I need to hear Omar Cunningham's "I'm Your Maintenance Man"...I like the title

curmudgeon, Wednesday, 8 February 2012 14:52 (twelve years ago) link

Plus OB Buchana has a new album coming out on Ecko that will likely be good

curmudgeon, Thursday, 9 February 2012 14:08 (twelve years ago) link

I assume "Put Your Mouth In The South" on the latest Ecko sampler is from OB's new one. Just another candy-licking song. Also got a Boogie Report email last week about some guy called "Candy Lover" -- flannel shirt open with bare chest beneath; cowboy hat on his head. The hat intrigued me a little I guess, but I'm really getting frustrated by the sonic and lyric saminess of most of this stuff lately --I'm obviously on record as loving the genre, but it just seems so limited to me these days. It's been a while since anything really jumped out from the pack, and I stopped keeping up with Daddy B Nice's page several months ago. I'm sure there's good stuff I missed; just lacking interest and energy lately to dig through tons of generic stuff to find it.

What is that Soul Patrol quote from? Is there a link?

xhuxk, Thursday, 9 February 2012 15:12 (twelve years ago) link

Daddy B Nice quoted it. I guess it is on this site somewhere:

http://www.soul-patrol.com/

Everytime I get bored with the sonic and lyric sameness of southern soul I turn to NPR indie-rock faves like Sharon Van Etten or Alabama Shakes and I shake my head over its just ok-ness, and return to finding the southern soul that stands out (or trying to find it)

curmudgeon, Thursday, 9 February 2012 15:18 (twelve years ago) link

Ha, I still haven't heard either of those NPR acts, though I've heard their names a lot in recent weeks. But what you're saying about them is kind of what I assumed, and why I've been avoiding checking them out. But it's not like NPR indie-rock is the only alternative out there, obviously.

xhuxk, Thursday, 9 February 2012 15:35 (twelve years ago) link

Numerous other genres, plus there are the Yahoo Southern Soul group emails where fanatics from both sides of the Atlantic marvel over reissues of soul obscurities, and ocassionally Betty Lavette and Sharon Jones and Eli Paperboy Reed(Reed also chimes in on the emails re various 45s). I have been too busy to check out the reissues and obscure regional faves these folks like.

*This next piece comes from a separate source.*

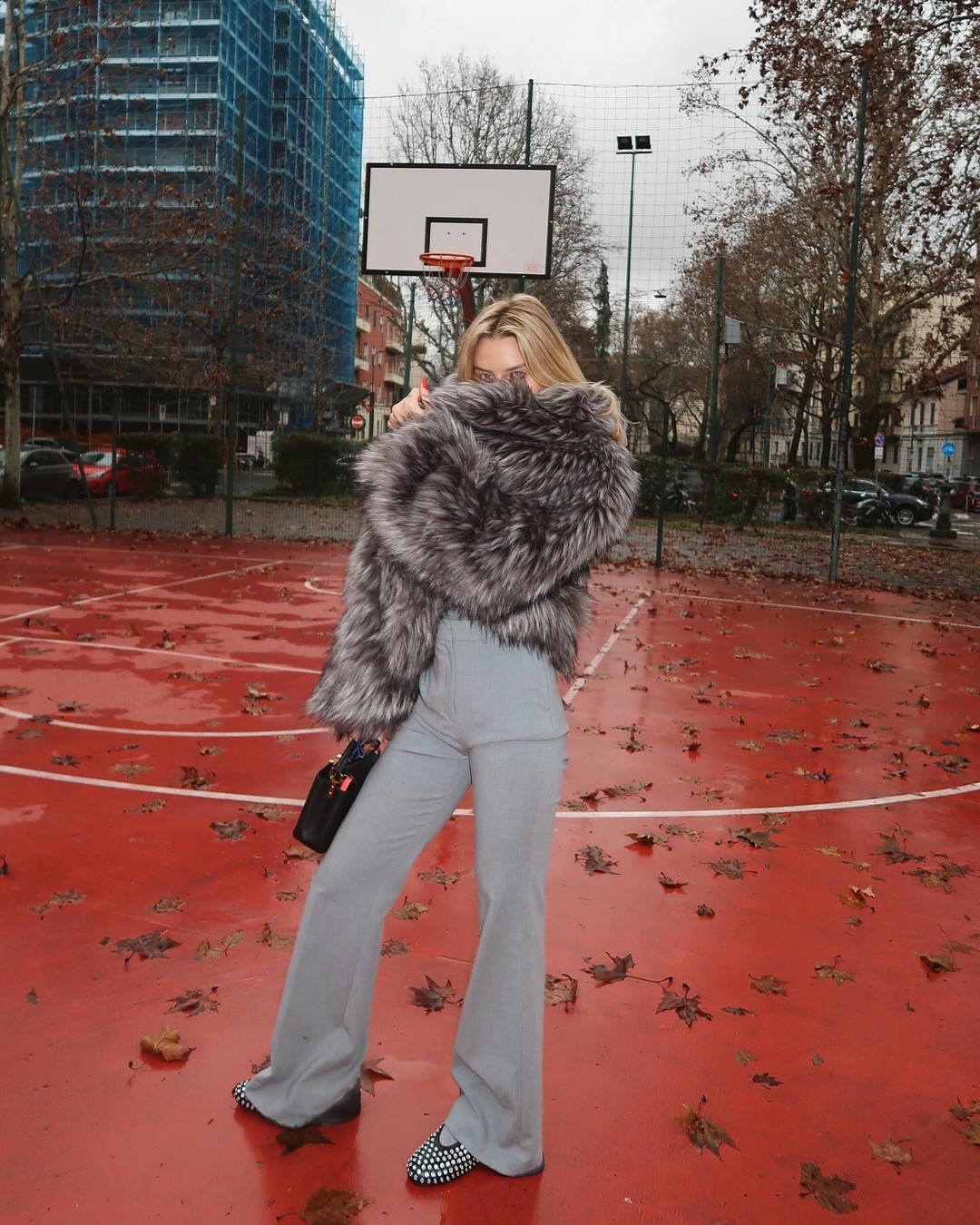 Новинки одежды осень-зима 2026-2027: список трендов и тенденций на фото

curmudgeon, Thursday, 9 February 2012 16:10 (twelve years ago) link

two weeks pass...

There were a few good gigs down South recently:

The 2nd annual Valentine’s Blues Show takes place at 8 p.m. Friday, Feb. 10, at the Mississippi Coast Coliseum in Biloxi. The lineup includes LeBrado, OB Buchana, Jeff Floyd, Falisa Janaye and LaMorris Williams; Tickets are $25 in advance, $30 day of show. They’re available through Ticketmaster and at the Coliseum box office. 2350 Beach Blvd., Biloxi. 228-594-3700, www.mscoastcoliseum.com.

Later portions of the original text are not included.